When parol evidence is considered, the determination on Buyer's motion for summary judgment is straightforward. Welch repeatedly testified that Buyer never intended for the purchase of the salt to be contingent on Buyer's down payment; Buyer only reached its current position when it became clear that Buyer could not make that payment. (Id. at 64, 67, 70-71). Since the primary goal of contractual construction under Indiana law is to ascertain the intent of the parties at the time the contract was made, Berkel & Co. Contractors, Inc. v. Palm & Associates, Inc., 814 N.E.2d 649, 657 (Ind. Ct. App. 2004), Buyer's after-the-fact legal interpretation cannot control.
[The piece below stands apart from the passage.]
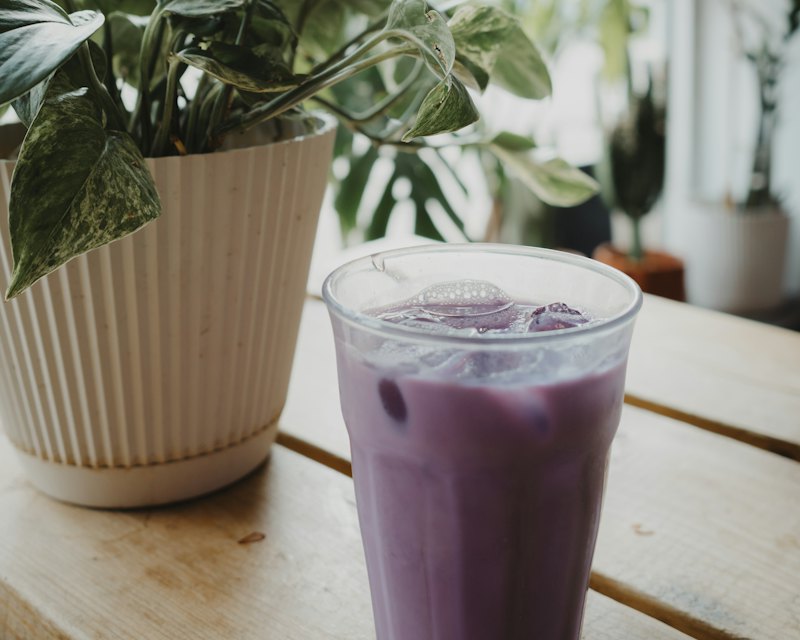 Lavender milk tea in a glass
Genuine issues of fact exist, and Buyer's motion for summary judgment must be denied.

2. Waiver of Condition Precedent

Even if the Court concluded that it could not consider parol evidence, and it accepted Buyer's position that it needed to enforce the plain language of the Agreement, summary judgment would still be improper. Buyer describes the Agreement's requirement that funds be transferred as "a condition precedent that must be performed before the agreement becomes binding, or a condition that must be fulfilled before the duty to perform arises." (ECF No. 50 at 5). Since funds were never transferred, Buyer asserts that the Agreement never became binding and it could not have breached the Agreement.

However, as Seller rightly points out, conditions precedent can be waived. The party to whom the benefit of a contractual condition precedent inures may waive that condition and demand that the other party perform the contract. Harrison v. Thomas, 761 N.E.2d 816, 820 (Ind. 2002). The performance of a condition precedent may be "waived in many ways," including the conduct of one of the parties to the contract. Id. (first quoting Johnson v. Bucklen, 36 N.E. 176, 177 (1894); then citing Penmanta Corp. v. Hollis, 520 N.E.2d 120, 122 (Ind. Ct. App. 1988)).
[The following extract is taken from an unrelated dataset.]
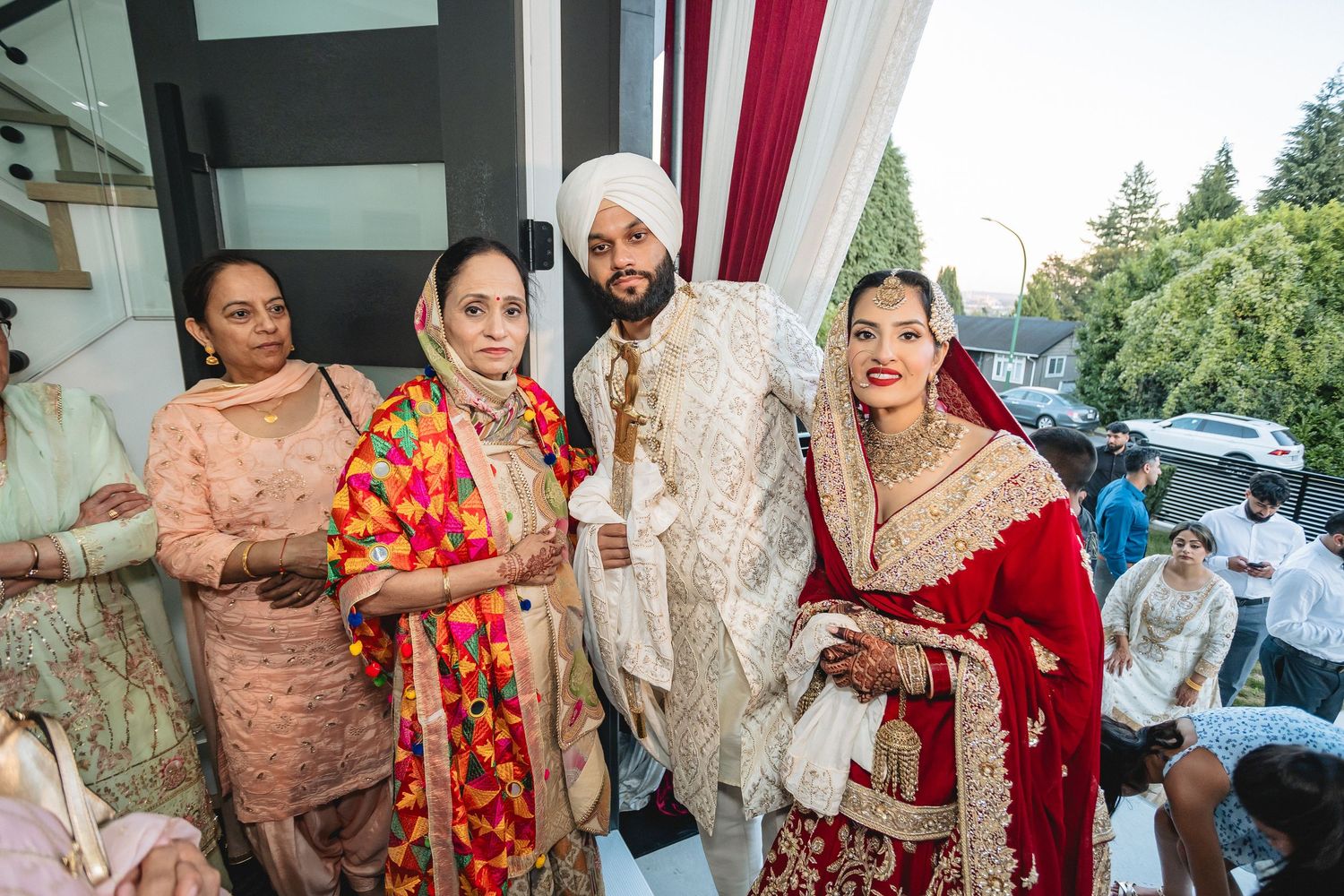 Wedding party members in traditional South Asian attire greeting and celebrating.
Here, the Court concludes that the designated evidence, when viewed in a light most favorable to Seller, supports Seller's argument that the condition precedent was waived. First, the Court concludes that the condition precedent inured to the benefit of Seller.3 It was Seller that proposed the term and reinserted the term when Buyer attempted to remove it. The intent of the condition precedent was likely to avoid the very situation that has come to pass, with Seller left holding the bag after Buyer's refusal to perform. With the condition precedent inuring to the Seller's benefit, it could and did waive the condition precedent. The designated evidence shows that, upon receiving Buyer's oral confirmation on August 7, 2014, Seller took steps to mobilize the shipment of salt, including wiring $700,000.00 to Pardira. A reasonable jury could conclude that these steps represented Seller proceeding to fulfill its duties under the Agreement without first receiving any funds, thus waiving the condition precedent.
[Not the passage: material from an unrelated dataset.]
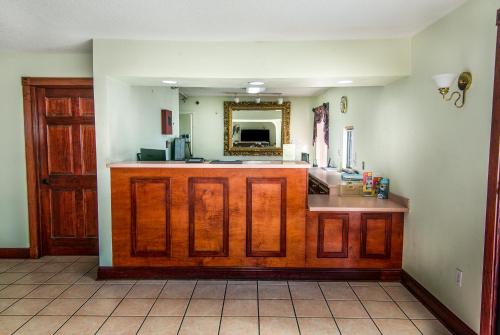 een keuken met een aanrecht met een wastafel en een spiegel bij Jubilee Inn in Biloxi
Buyer counters this argument by citing to Ind. State Highway Comm'n v. Curtis, 704 N.E.2d 1015 (Ind. 1998), for the proposition that it could assert the condition precedent to void the Agreement when it determined that its third-party agreement had fallen through. (ECF No. 50 at 6-7). The Court need not address the merits of this argument because the timeline renders it irrelevant. As noted above, Seller took the actions resulting in waiver of the condition precedent on or about August 7, 2014. Buyer did not assert the condition precedent, assuming that's what it did, until August 19, 2014. (ECF No. 49-1 at 126). By the time Buyer sought to enforce the condition precedent it had already been waived. Therefore, even if the Agreement contained an enforceable condition precedent, the designated evidence demonstrates a genuine issue of material fact as to whether Buyer could assert it to avoid the Agreement.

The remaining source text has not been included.